_Directions_: Only the lines below from the one with "Queen Room with" through the one with "Superior Room |" are to be written out, exactly and without any images.

_Given data_:
- Opening Delimiter -

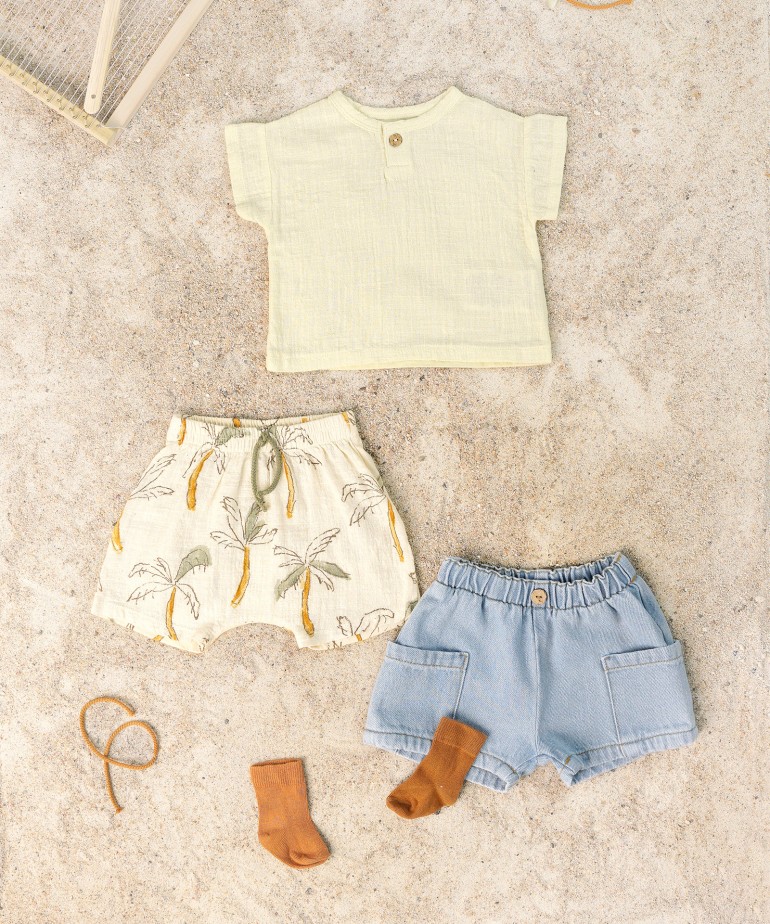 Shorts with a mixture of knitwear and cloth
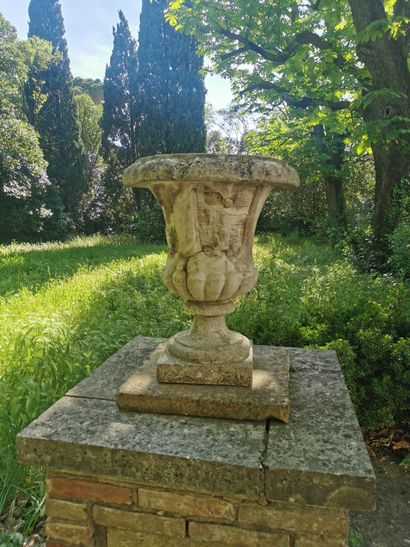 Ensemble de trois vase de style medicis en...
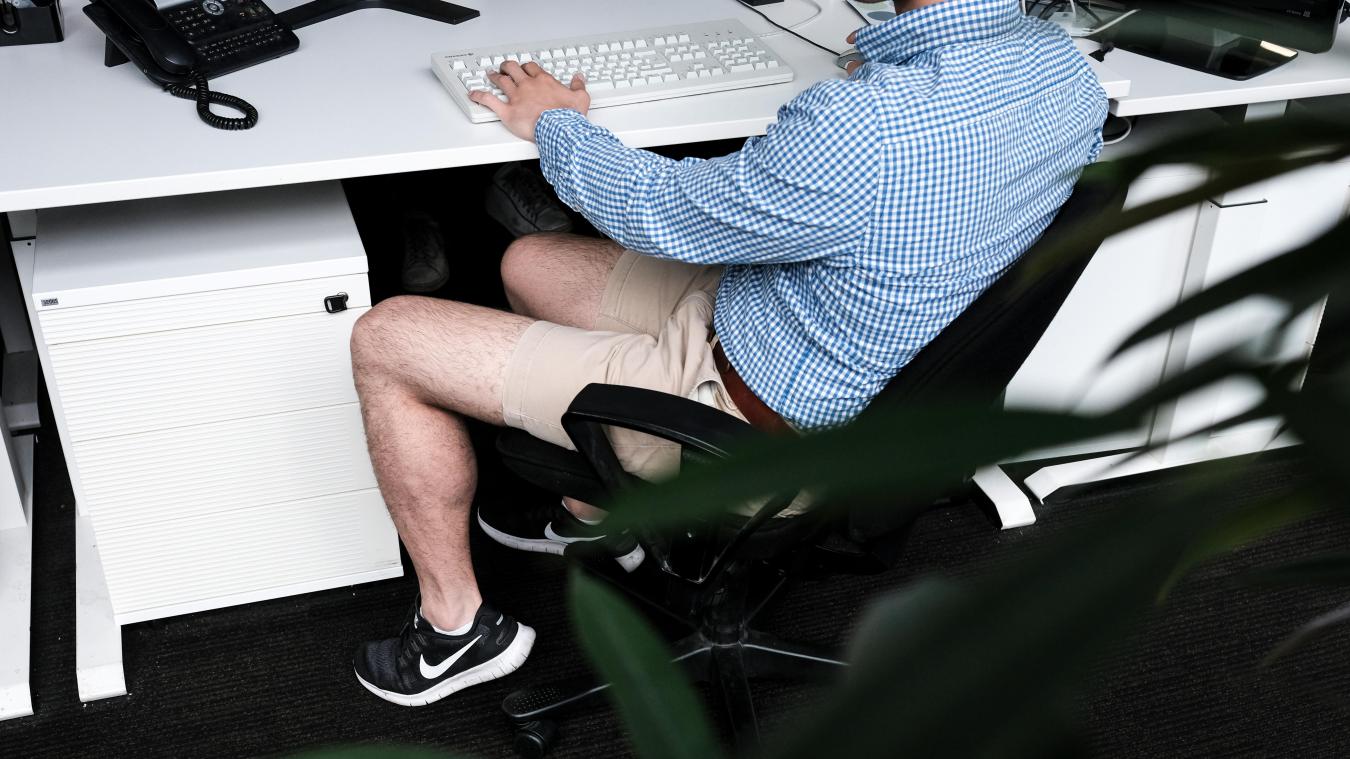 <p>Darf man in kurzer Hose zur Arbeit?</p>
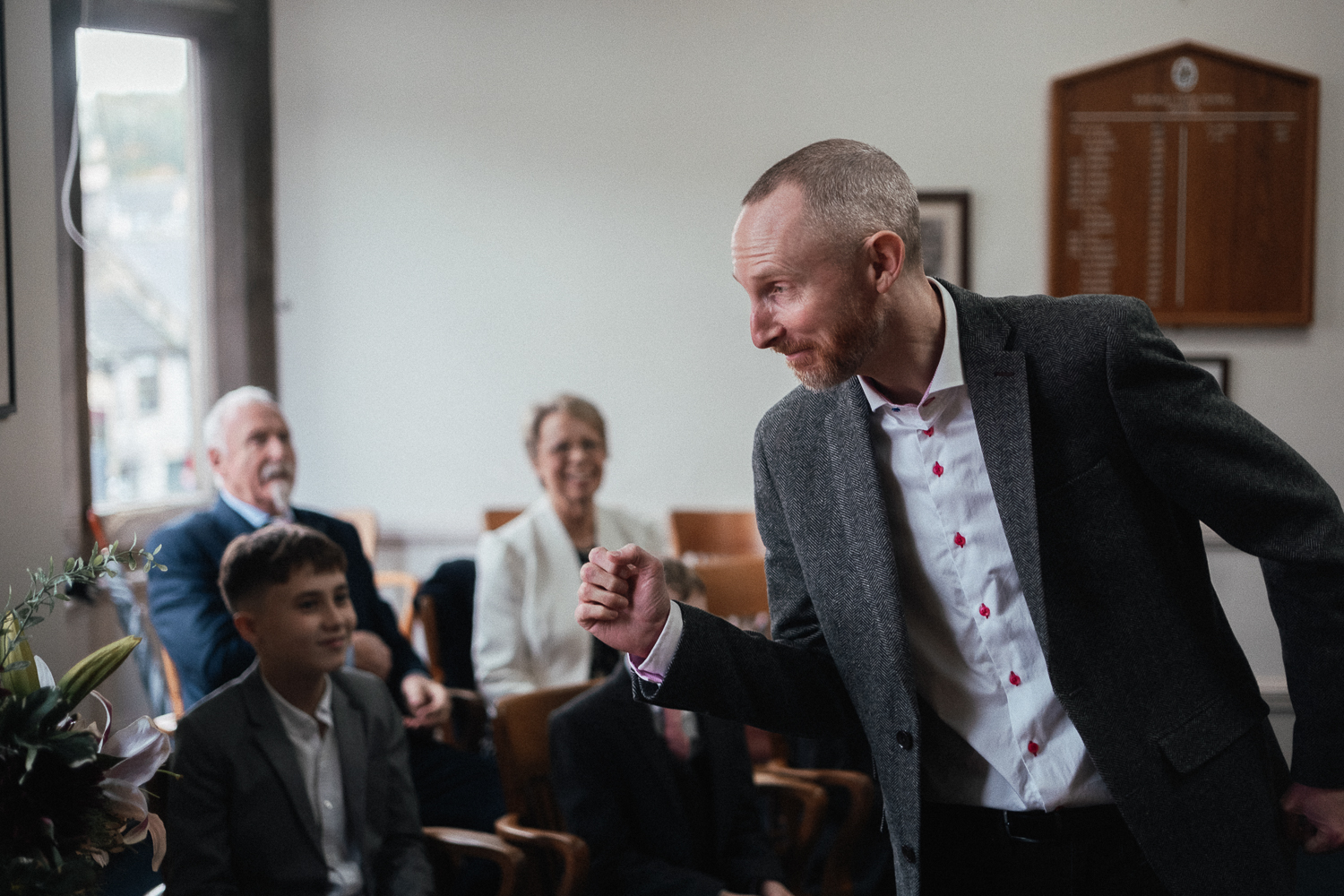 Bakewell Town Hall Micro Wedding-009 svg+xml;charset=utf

- Closing Delimiter -
- Opening Delimiter -

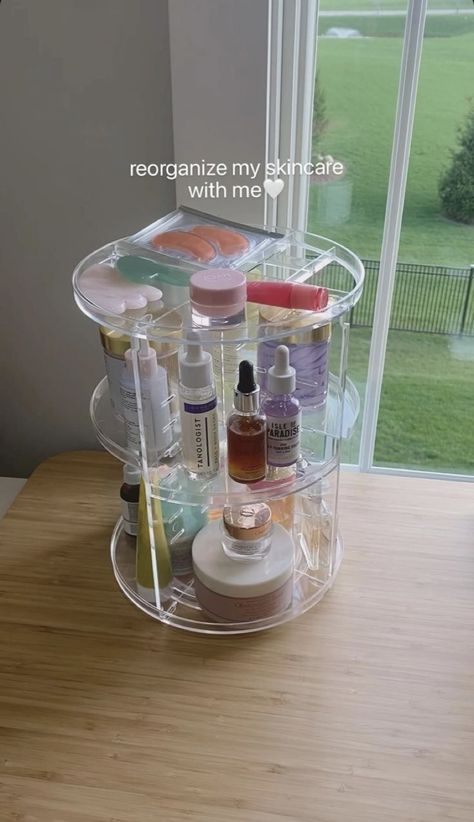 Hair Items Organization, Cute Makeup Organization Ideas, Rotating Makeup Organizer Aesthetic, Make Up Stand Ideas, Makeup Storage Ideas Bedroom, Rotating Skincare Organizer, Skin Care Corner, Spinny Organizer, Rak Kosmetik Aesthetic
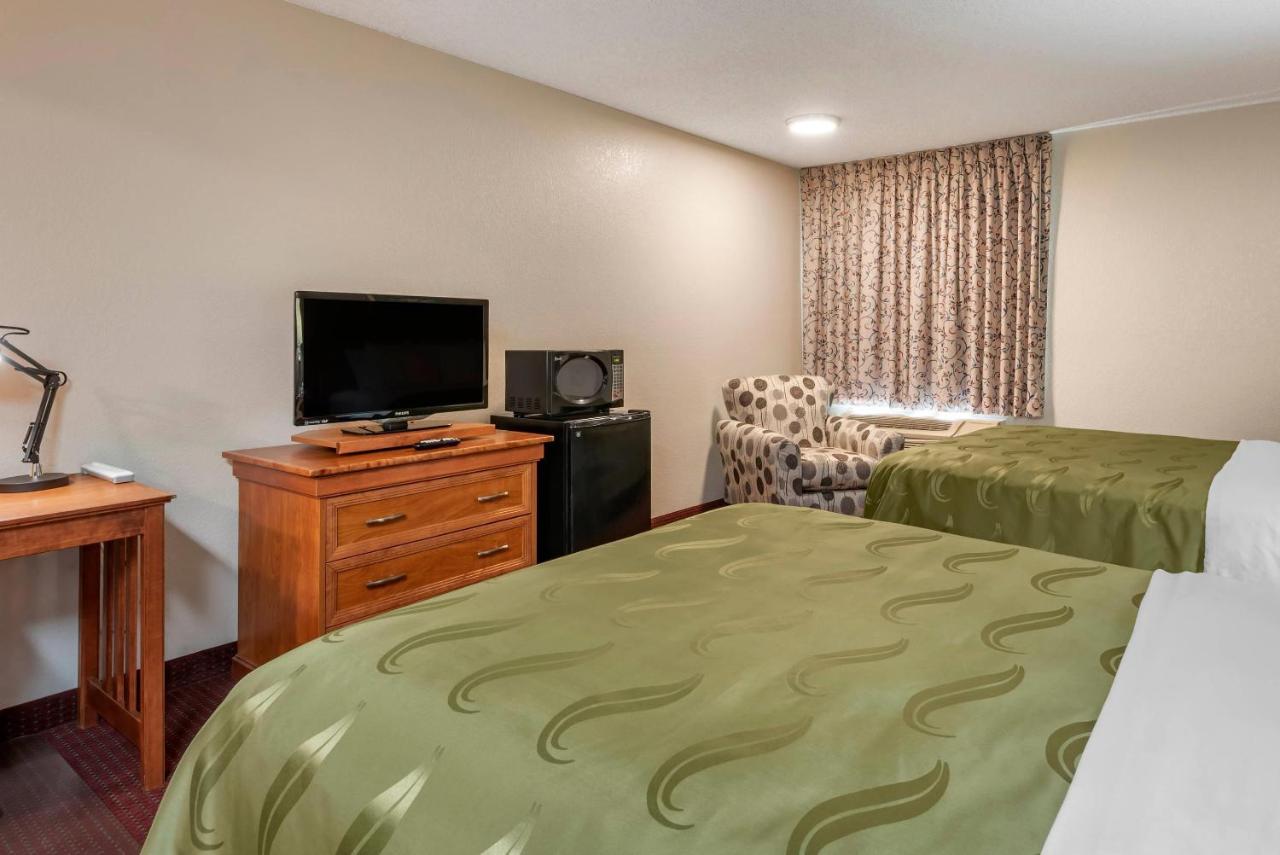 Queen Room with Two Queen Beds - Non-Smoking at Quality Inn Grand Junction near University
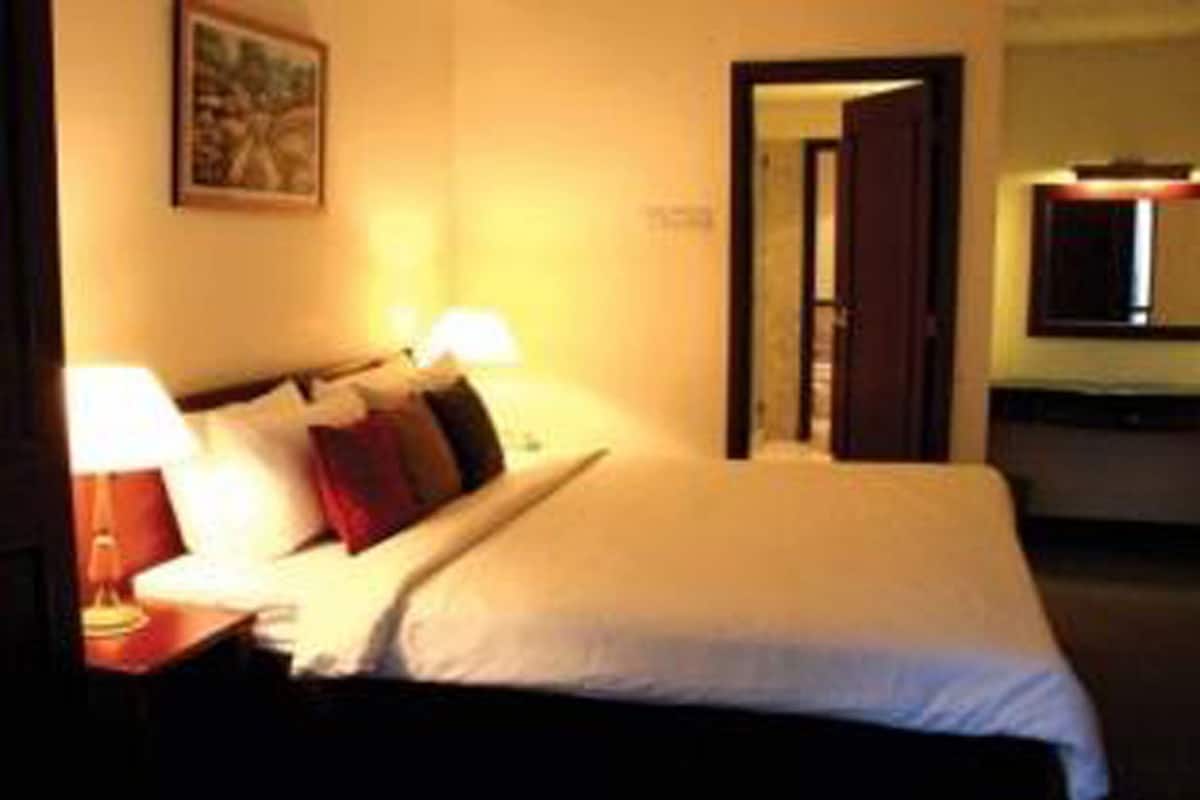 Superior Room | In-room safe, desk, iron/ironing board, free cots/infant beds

- Closing Delimiter -

_Answer to the problem_:
 Queen Room with Two Queen Beds - Non-Smoking at Quality Inn Grand Junction near University
 Superior Room | In-room safe, desk, iron/ironing board, free cots/infant beds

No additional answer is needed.